** TASK ITEM **
Every entry must appear in the answer exactly as it does here.

** Records contained in a dataset **
■ ■ ■ ■ ■

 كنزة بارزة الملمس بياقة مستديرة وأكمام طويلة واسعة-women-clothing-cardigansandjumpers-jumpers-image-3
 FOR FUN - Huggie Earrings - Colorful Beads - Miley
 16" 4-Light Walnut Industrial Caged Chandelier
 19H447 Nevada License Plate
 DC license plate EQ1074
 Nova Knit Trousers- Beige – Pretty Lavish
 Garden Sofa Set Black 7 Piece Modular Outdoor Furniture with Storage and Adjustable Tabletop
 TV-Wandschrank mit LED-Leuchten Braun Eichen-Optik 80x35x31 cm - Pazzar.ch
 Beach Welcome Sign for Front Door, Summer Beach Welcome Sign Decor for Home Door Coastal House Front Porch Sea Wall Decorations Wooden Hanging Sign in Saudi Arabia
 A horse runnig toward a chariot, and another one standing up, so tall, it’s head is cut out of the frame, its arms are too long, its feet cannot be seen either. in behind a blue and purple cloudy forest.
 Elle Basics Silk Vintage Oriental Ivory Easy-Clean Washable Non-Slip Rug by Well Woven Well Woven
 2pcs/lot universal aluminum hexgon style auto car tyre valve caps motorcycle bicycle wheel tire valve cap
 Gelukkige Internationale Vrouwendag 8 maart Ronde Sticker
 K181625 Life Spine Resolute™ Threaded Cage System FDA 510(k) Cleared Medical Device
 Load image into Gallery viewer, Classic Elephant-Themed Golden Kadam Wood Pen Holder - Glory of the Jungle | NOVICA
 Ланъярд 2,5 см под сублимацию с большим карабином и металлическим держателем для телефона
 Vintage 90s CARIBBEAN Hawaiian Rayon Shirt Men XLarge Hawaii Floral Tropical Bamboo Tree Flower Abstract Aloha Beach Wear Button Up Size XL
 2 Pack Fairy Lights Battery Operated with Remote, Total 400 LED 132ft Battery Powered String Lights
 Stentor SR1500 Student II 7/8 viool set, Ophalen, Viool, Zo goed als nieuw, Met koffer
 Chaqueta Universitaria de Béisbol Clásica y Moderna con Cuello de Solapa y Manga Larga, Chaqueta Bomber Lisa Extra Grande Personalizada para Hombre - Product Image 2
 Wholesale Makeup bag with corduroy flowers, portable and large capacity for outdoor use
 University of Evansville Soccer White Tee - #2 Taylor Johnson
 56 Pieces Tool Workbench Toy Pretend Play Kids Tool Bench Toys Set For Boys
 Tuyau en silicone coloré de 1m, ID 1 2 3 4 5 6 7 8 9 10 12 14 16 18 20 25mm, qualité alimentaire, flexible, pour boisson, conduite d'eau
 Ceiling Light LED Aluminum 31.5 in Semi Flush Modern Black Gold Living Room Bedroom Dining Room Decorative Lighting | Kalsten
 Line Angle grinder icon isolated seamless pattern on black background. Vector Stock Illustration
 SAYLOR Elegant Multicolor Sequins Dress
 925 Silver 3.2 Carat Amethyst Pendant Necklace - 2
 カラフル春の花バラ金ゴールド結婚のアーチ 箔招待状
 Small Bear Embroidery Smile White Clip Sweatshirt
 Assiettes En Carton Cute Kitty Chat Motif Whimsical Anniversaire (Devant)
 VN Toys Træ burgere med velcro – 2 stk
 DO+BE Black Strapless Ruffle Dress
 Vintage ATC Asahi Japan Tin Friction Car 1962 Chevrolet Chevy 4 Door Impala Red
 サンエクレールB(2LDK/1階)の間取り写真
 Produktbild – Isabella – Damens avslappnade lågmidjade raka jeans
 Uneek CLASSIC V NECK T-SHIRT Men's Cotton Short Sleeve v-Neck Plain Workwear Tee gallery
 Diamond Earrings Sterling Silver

■ ■ ■ ■ ■

** ANSWER BOX **
 كنزة بارزة الملمس بياقة مستديرة وأكمام طويلة واسعة-women-clothing-cardigansandjumpers-jumpers-image-3
 FOR FUN - Huggie Earrings - Colorful Beads - Miley
 16" 4-Light Walnut Industrial Caged Chandelier
 19H447 Nevada License Plate
 DC license plate EQ1074
 Nova Knit Trousers- Beige – Pretty Lavish
 Garden Sofa Set Black 7 Piece Modular Outdoor Furniture with Storage and Adjustable Tabletop
 TV-Wandschrank mit LED-Leuchten Braun Eichen-Optik 80x35x31 cm - Pazzar.ch
 Beach Welcome Sign for Front Door, Summer Beach Welcome Sign Decor for Home Door Coastal House Front Porch Sea Wall Decorations Wooden Hanging Sign in Saudi Arabia
 A horse runnig toward a chariot, and another one standing up, so tall, it’s head is cut out of the frame, its arms are too long, its feet cannot be seen either. in behind a blue and purple cloudy forest.
 Elle Basics Silk Vintage Oriental Ivory Easy-Clean Washable Non-Slip Rug by Well Woven Well Woven
 2pcs/lot universal aluminum hexgon style auto car tyre valve caps motorcycle bicycle wheel tire valve cap
 Gelukkige Internationale Vrouwendag 8 maart Ronde Sticker
 K181625 Life Spine Resolute™ Threaded Cage System FDA 510(k) Cleared Medical Device
 Load image into Gallery viewer, Classic Elephant-Themed Golden Kadam Wood Pen Holder - Glory of the Jungle | NOVICA
 Ланъярд 2,5 см под сублимацию с большим карабином и металлическим держателем для телефона
 Vintage 90s CARIBBEAN Hawaiian Rayon Shirt Men XLarge Hawaii Floral Tropical Bamboo Tree Flower Abstract Aloha Beach Wear Button Up Size XL
 2 Pack Fairy Lights Battery Operated with Remote, Total 400 LED 132ft Battery Powered String Lights
 Stentor SR1500 Student II 7/8 viool set, Ophalen, Viool, Zo goed als nieuw, Met koffer
 Chaqueta Universitaria de Béisbol Clásica y Moderna con Cuello de Solapa y Manga Larga, Chaqueta Bomber Lisa Extra Grande Personalizada para Hombre - Product Image 2
 Wholesale Makeup bag with corduroy flowers, portable and large capacity for outdoor use
 University of Evansville Soccer White Tee - #2 Taylor Johnson
 56 Pieces Tool Workbench Toy Pretend Play Kids Tool Bench Toys Set For Boys
 Tuyau en silicone coloré de 1m, ID 1 2 3 4 5 6 7 8 9 10 12 14 16 18 20 25mm, qualité alimentaire, flexible, pour boisson, conduite d'eau
 Ceiling Light LED Aluminum 31.5 in Semi Flush Modern Black Gold Living Room Bedroom Dining Room Decorative Lighting | Kalsten
 Line Angle grinder icon isolated seamless pattern on black background. Vector Stock Illustration
 SAYLOR Elegant Multicolor Sequins Dress
 925 Silver 3.2 Carat Amethyst Pendant Necklace - 2
 カラフル春の花バラ金ゴールド結婚のアーチ 箔招待状
 Small Bear Embroidery Smile White Clip Sweatshirt
 Assiettes En Carton Cute Kitty Chat Motif Whimsical Anniversaire (Devant)
 VN Toys Træ burgere med velcro – 2 stk
 DO+BE Black Strapless Ruffle Dress
 Vintage ATC Asahi Japan Tin Friction Car 1962 Chevrolet Chevy 4 Door Impala Red
 サンエクレールB(2LDK/1階)の間取り写真
 Produktbild – Isabella – Damens avslappnade lågmidjade raka jeans
 Uneek CLASSIC V NECK T-SHIRT Men's Cotton Short Sleeve v-Neck Plain Workwear Tee gallery
 Diamond Earrings Sterling Silver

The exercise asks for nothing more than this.